Mais ce livre fournit pour la tunique d'Argenteuil quantité d'autres résultats intéressants. Ainsi les auteurs ont retrouvé à sa surface des pollens de deux espèces particulières de tamarin et de pistachier qui ne se rencontrent qu'en Palestine, espèces que l'on a aussi retrouvées sur le linceul de Turin et sur le suaire d'Oviedo. Ils ont également analysé le sang présent sur la tunique. Il est de groupe AB, le plus rare (4 à 5 % de la population mondiale, mais beaucoup plus répandu en Palestine), groupe auquel appartiennent aussi les sangs analysés sur le linceul de Turin et sur le suaire d'Oviedo. Enfin, les études d'ADN ont montré que le sang était d'un individu de sexe masculin et d'origine ethnique juive moyen-orientale.

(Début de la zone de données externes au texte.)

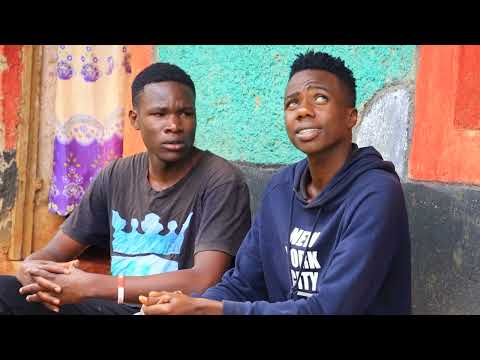 EKENYORO GIAITO BY NYAMOITA SHOW Episode 1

Les auteurs concluent leur ouvrage sur une piste de recherche prometteuse : ils viennent de reconstituer l'empreinte ADN du sang trouvé sur la tunique et ils espèrent pouvoir comparer cette empreinte qui, comme on le sait, caractérise de façon unique un individu, à celle relevée sur le linceul de Turin.
Il y a bien d'autres choses dans ce livre qui mériteraient d'être citées ; toutes concourent à la confirmation par la science de ce que déjà la tradition nous assurait : notre région a le privilège de conserver à Argenteuil, dans la basilique Saint-Denys, un témoignage insigne de la Passion du Christ : la relique de sa tunique sans couture tachée de son sang offerte à notre vénération.
La basilique Saint-Denys d'Argenteuil est ouverte le samedi et le dimanche, de 16h à 17h et les autres jours de 15h à 17h.